INSTRUCTIONS TO FOLLOW:
Given the records underneath, please repeat exactly the lines from the line with "Gucci Beige GG" through the line with "Cotización rápida en móvil Builtek", passing over any picture.

[Opening EXTRACTED ENTRIES section]

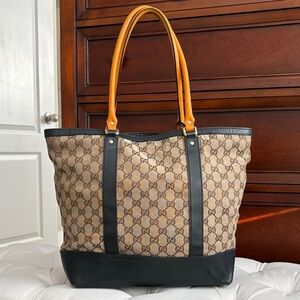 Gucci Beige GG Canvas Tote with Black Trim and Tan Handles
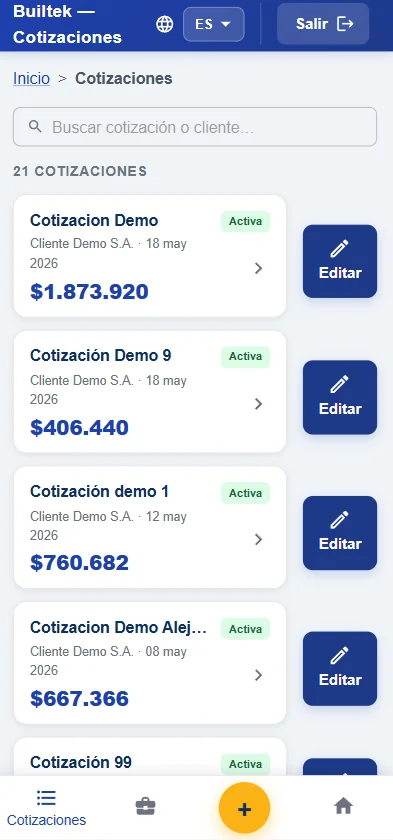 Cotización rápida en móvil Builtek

[Closing EXTRACTED ENTRIES section]
[Opening EXTRACTED ENTRIES section]

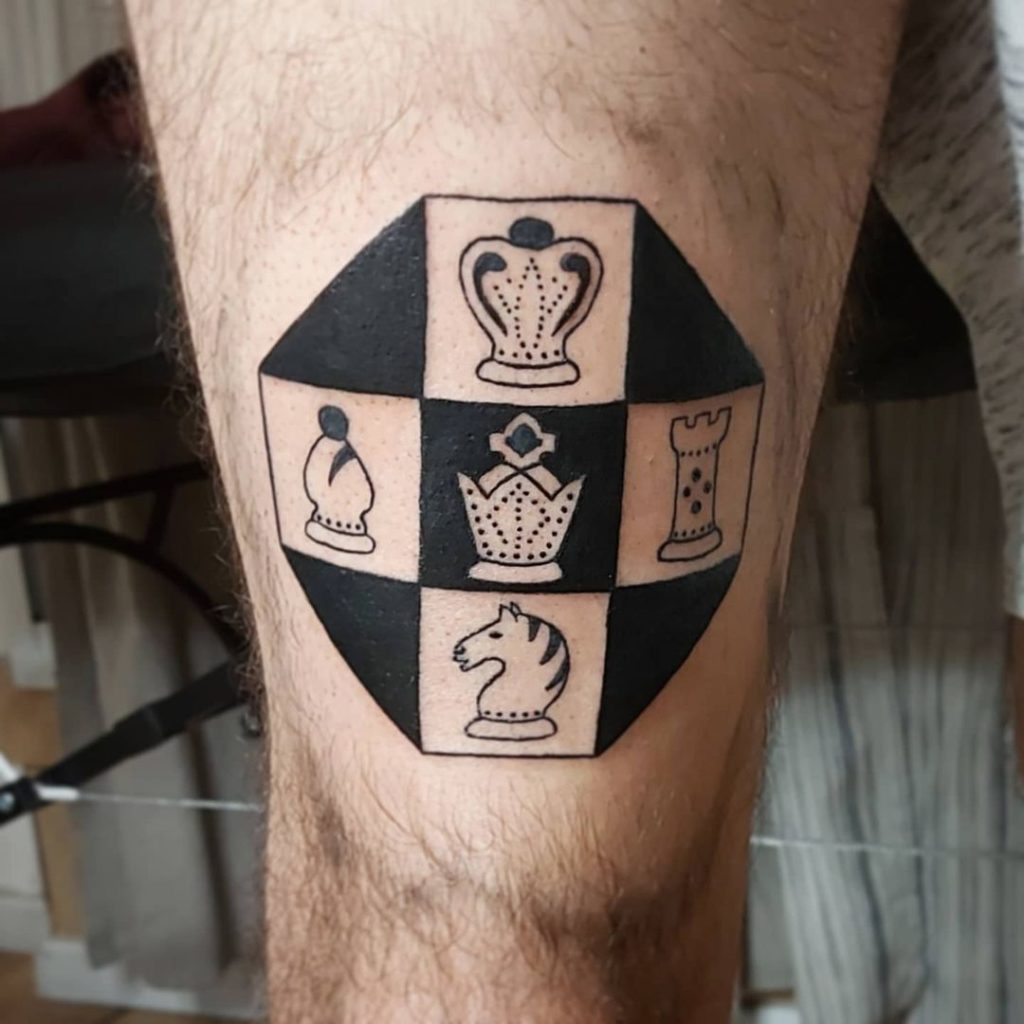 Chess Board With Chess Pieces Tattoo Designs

[Closing EXTRACTED ENTRIES section]

TASK RESULT:
 Gucci Beige GG Canvas Tote with Black Trim and Tan Handles
 Cotización rápida en móvil Builtek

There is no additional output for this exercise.